| From: |
| Alexei Starovoitov <alexei.starovoitov-AT-gmail.com> |
| To: |
| bpf-AT-vger.kernel.org |
| Subject: |
| [PATCH bpf-next v2 0/6] bpf, mm: Introduce __GFP_TRYLOCK |
| Date: |
| Mon, 09 Dec 2024 18:39:30 -0800 |
| Message-ID: |
| <20241210023936.46871-1-alexei.starovoitov@gmail.com> |
| Cc: |
| andrii-AT-kernel.org, memxor-AT-gmail.com, akpm-AT-linux-foundation.org, peterz-AT-infradead.org, vbabka-AT-suse.cz, bigeasy-AT-linutronix.de, rostedt-AT-goodmis.org, houtao1-AT-huawei.com, hannes-AT-cmpxchg.org, shakeel.butt-AT-linux.dev, mhocko-AT-suse.com, willy-AT-infradead.org, tglx-AT-linutronix.de, tj-AT-kernel.org, linux-mm-AT-kvack.org, kernel-team-AT-fb.com |
| Archive-link: |
| Article |
From: Alexei Starovoitov <ast@kernel.org>
Hi All,
This is a more complete patch set that introduces __GFP_TRYLOCK
for opportunistic page allocation and lockless page freeing.
It's usable for bpf as-is.
The main motivation is to remove bpf_mem_alloc and make
alloc page and slab reentrant.
These patch set is a first step.

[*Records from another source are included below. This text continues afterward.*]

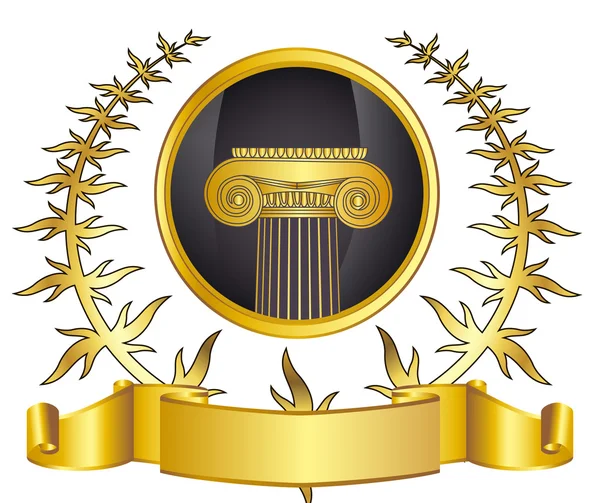 Columna griega de estilo antiguo y corona de laurel de oro corona de laurel de oro. ilustración vectorial eps10 — Vector de stock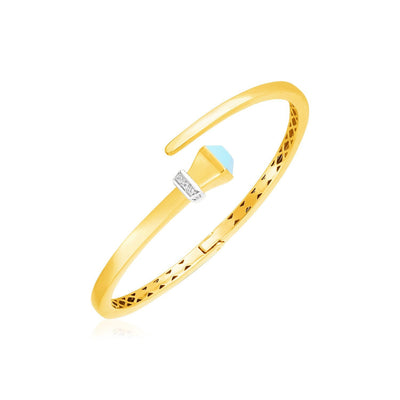 Pulsera de brazalete con bisagra en oro amarillo de 14k con turquesa y diamantes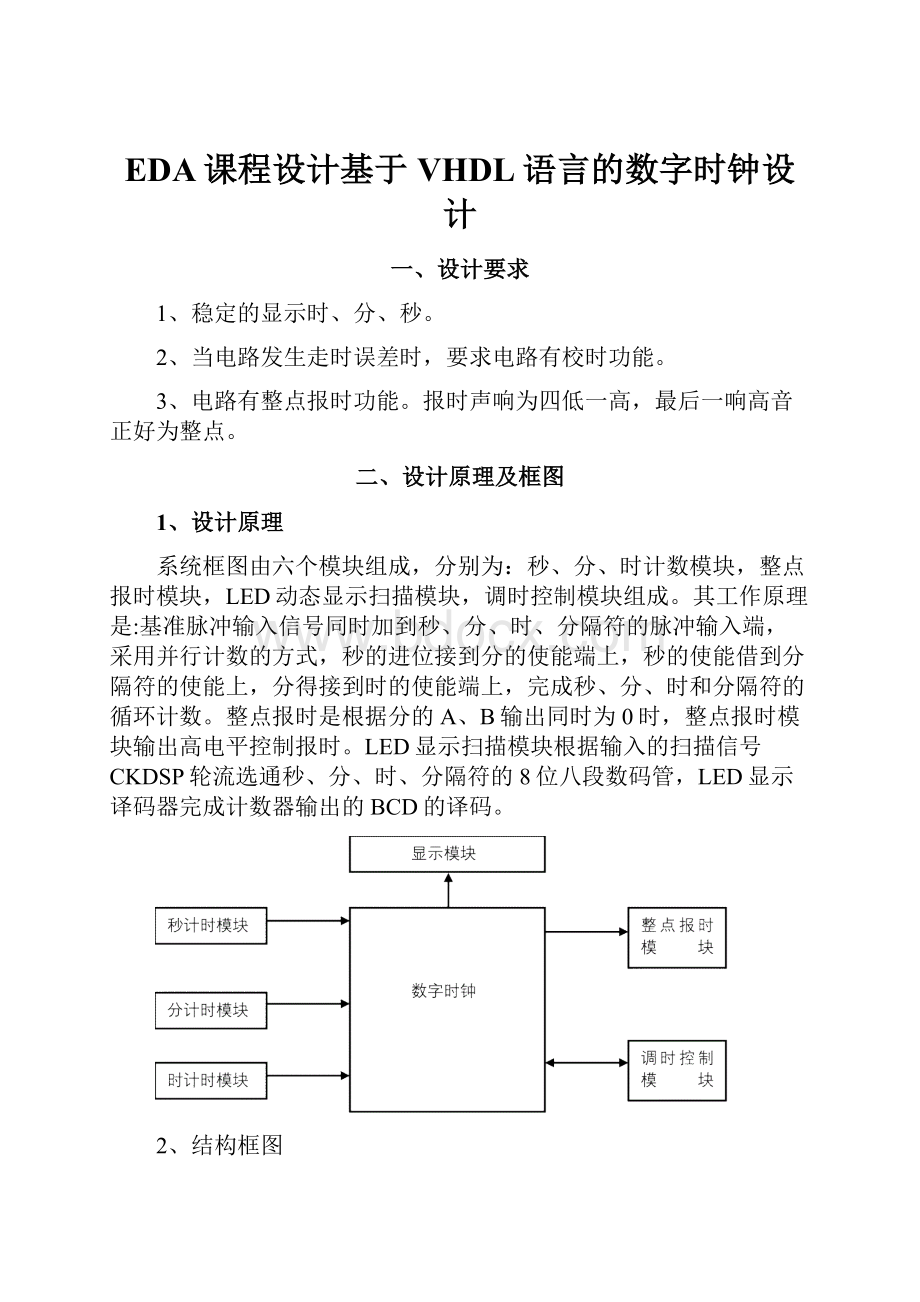 EDA课程设计基于VHDL语言的数字时钟设计.docx_第1页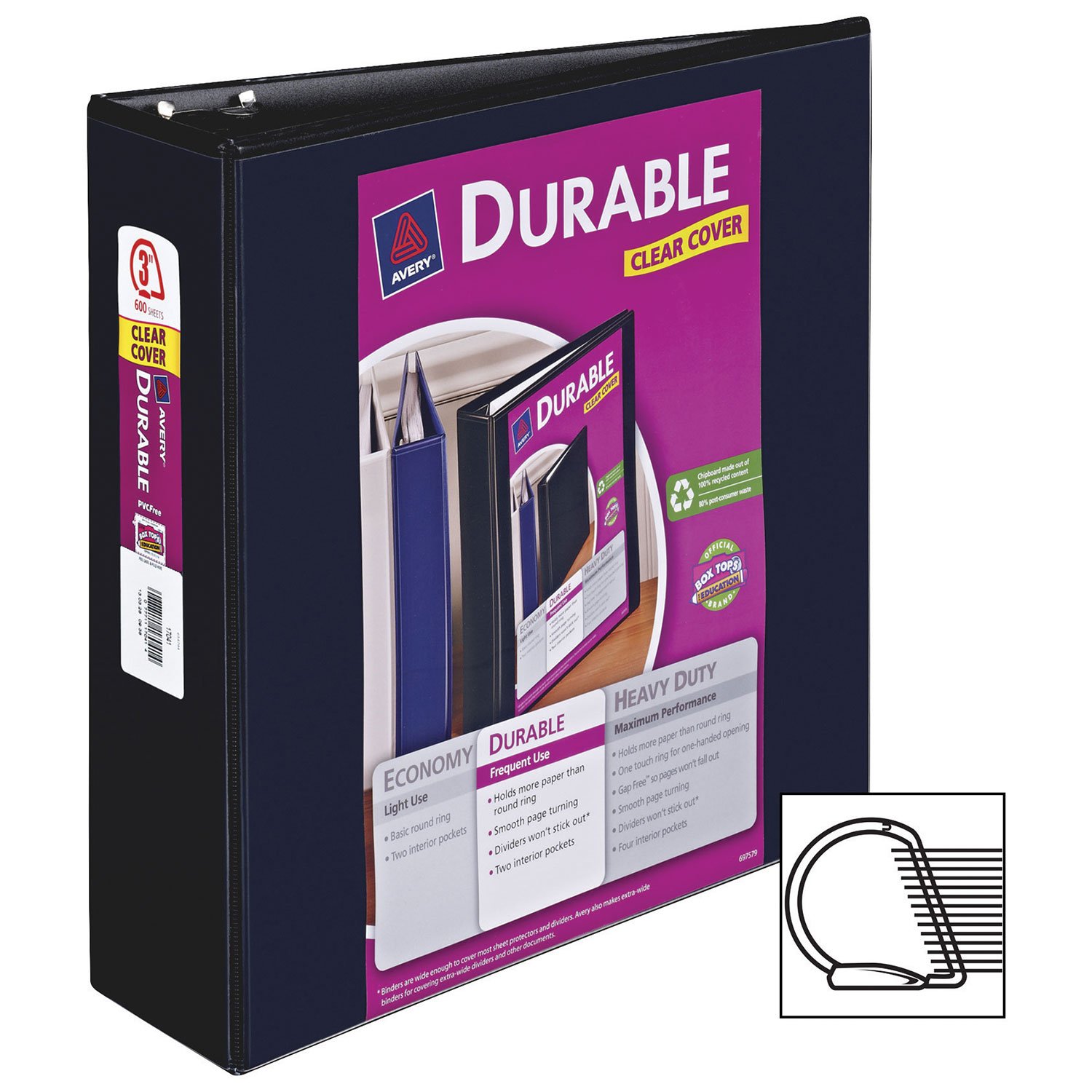 Reliure de présentation durable à anneaux EZ-Turn de 3 po d'Avery - Noir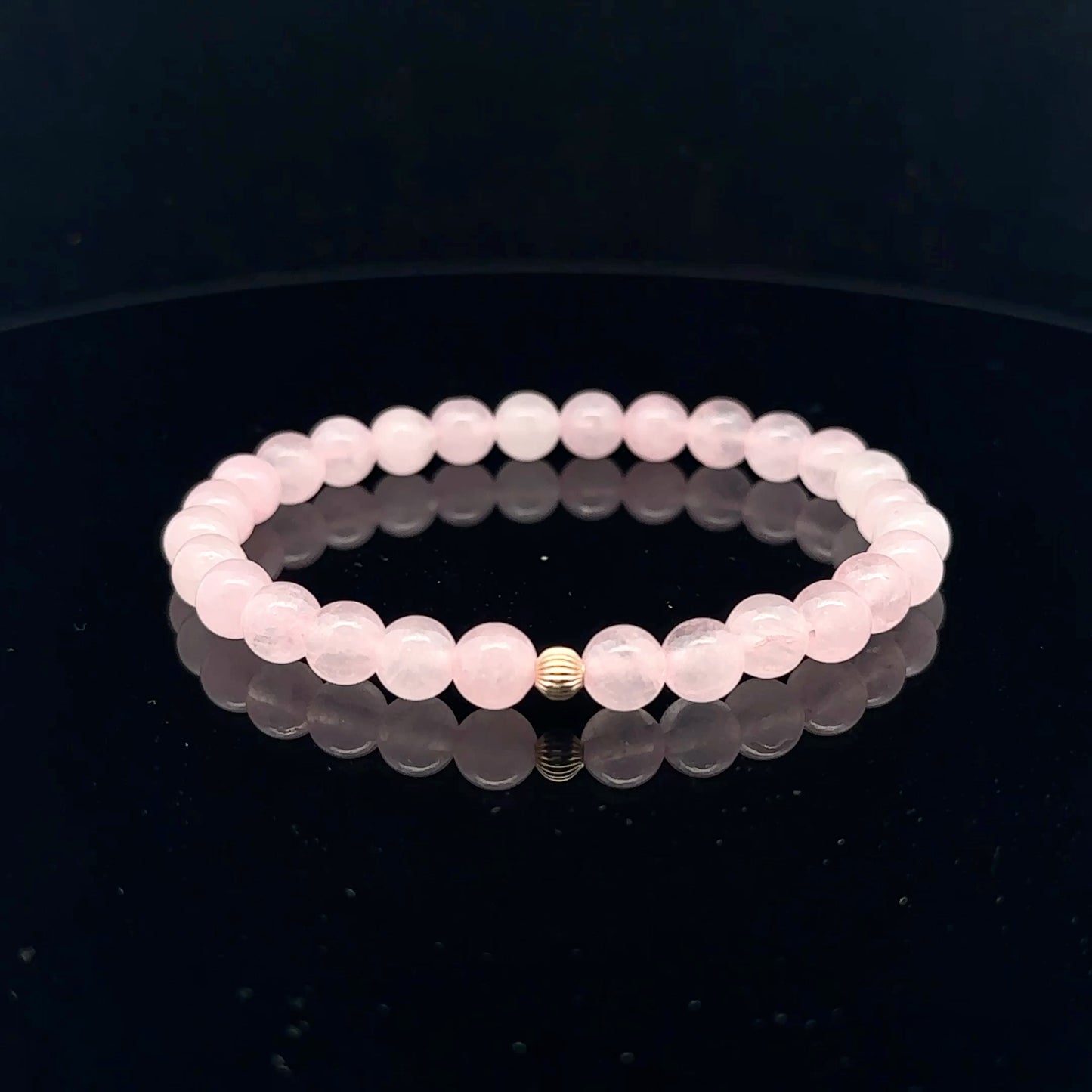 Gemstones Natural Rose Quartz 6mm 4mm Stretch Bracelet with 14k Gold Bead Choose Yellow, Stardust, Corrugated - Rafant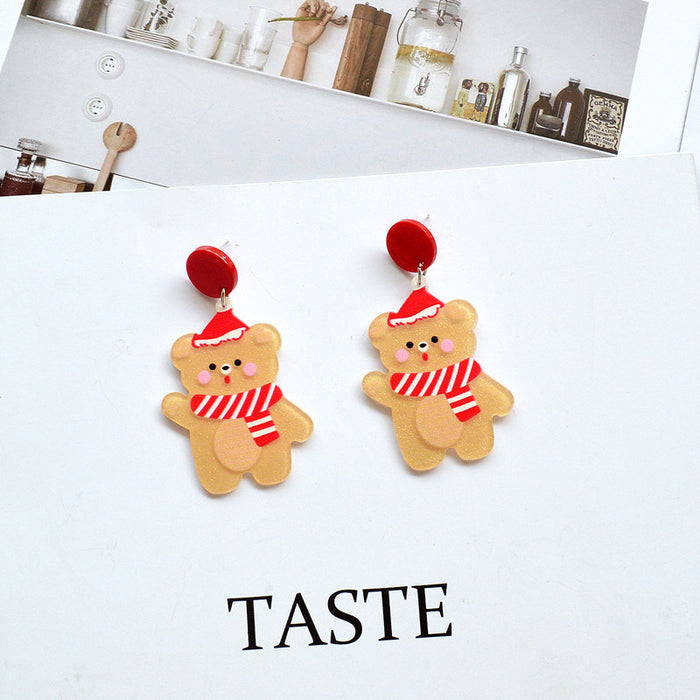 Wholesale Earrings Acrylic Christmas Bear House JDC-ES-Xienuo030
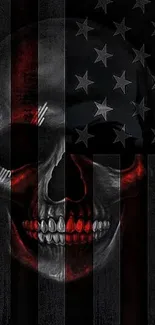 Gothic skull with American flag overlay on wallpaper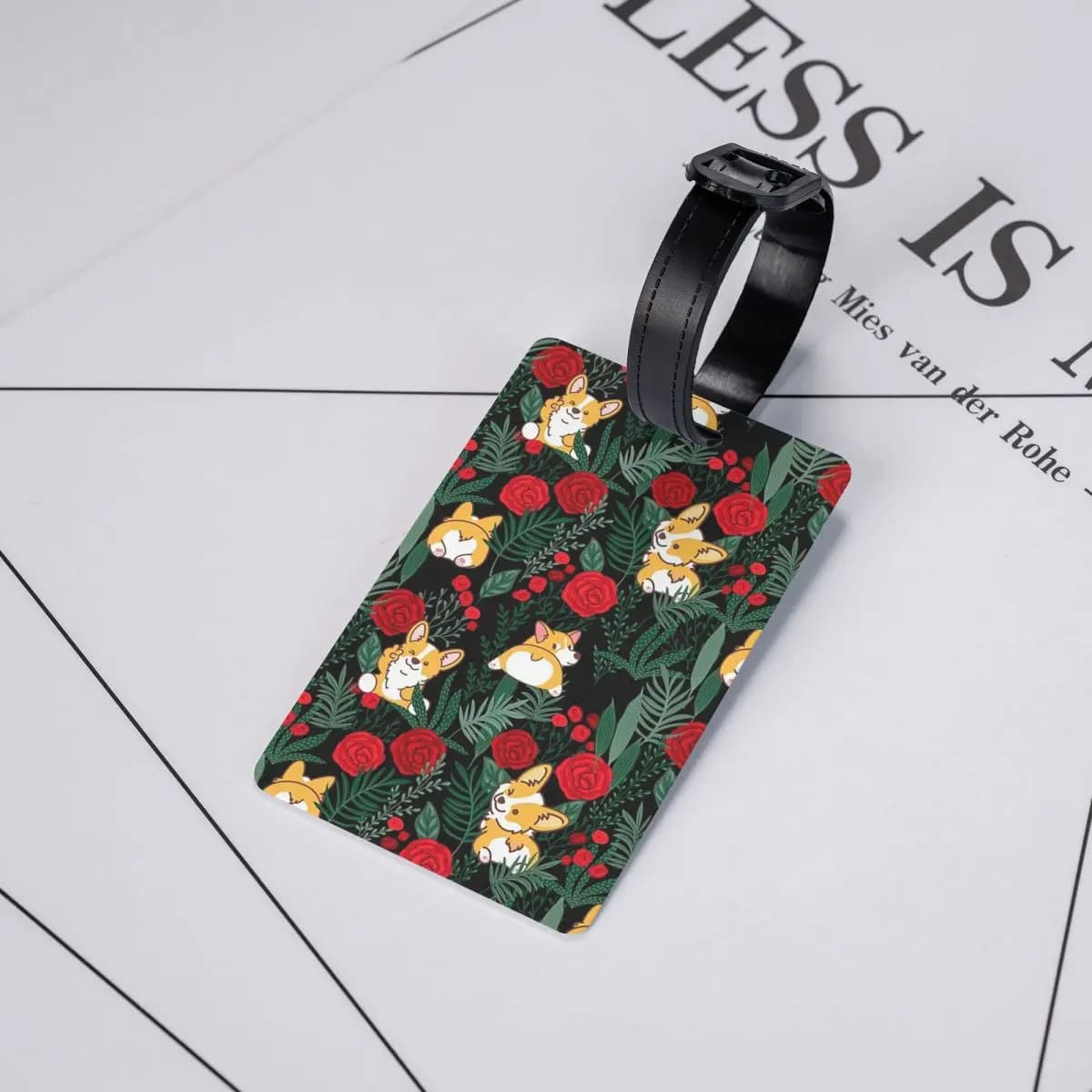 Etichette per bagagli con cane Corgi nel giardino, accessori per valigie, etichetta per bagaglio da viaggio, porta etichette, identificativo, nome, indirizzo
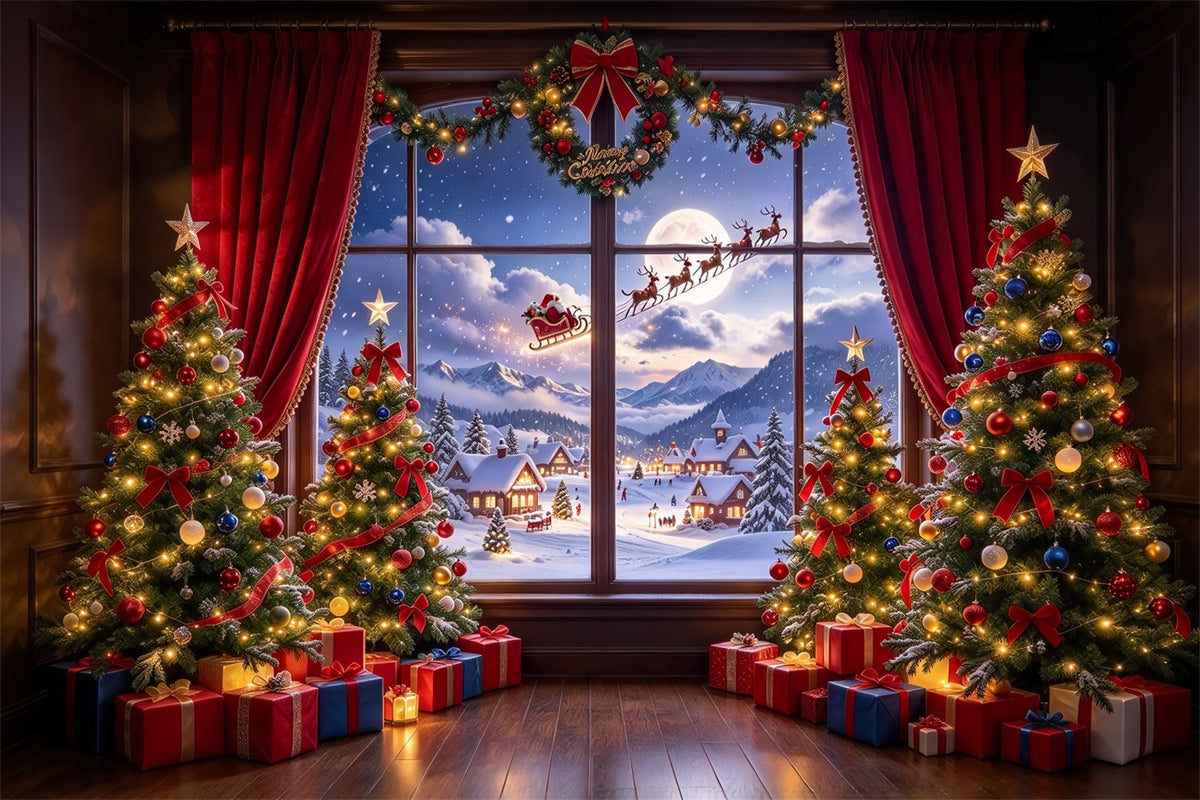 Santa Backdrop Window View Sleigh Snow Christmas Backdrops ZTT610-33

Once try_alloc_pages() is available
new_slab() can be converted to it and the rest of kmalloc/slab_alloc.
I started hacking kmalloc() to replace bpf_mem_alloc() completely,
but ___slab_alloc() is quite complex to convert to trylock.
Mainly deactivate_slab part. It cannot fail, but when only trylock
is available I'm running out of ideas.
So far I'm thinking to limit it to:
- USE_LOCKLESS_FAST_PATH
Which would mean that we would need to keep bpf_mem_alloc only for RT :(
- slab->flags & __CMPXCHG_DOUBLE, because various debugs cannot work in
trylock mode. bit slab_lock() cannot be made to work with trylock either.
- simple kasan poison/unposion, since kasan_kmalloc and kasan_slab_free are
too fancy with their own locks.
v1->v2:
- fixed buggy try_alloc_pages_noprof() in PREEMPT_RT. Thanks Peter.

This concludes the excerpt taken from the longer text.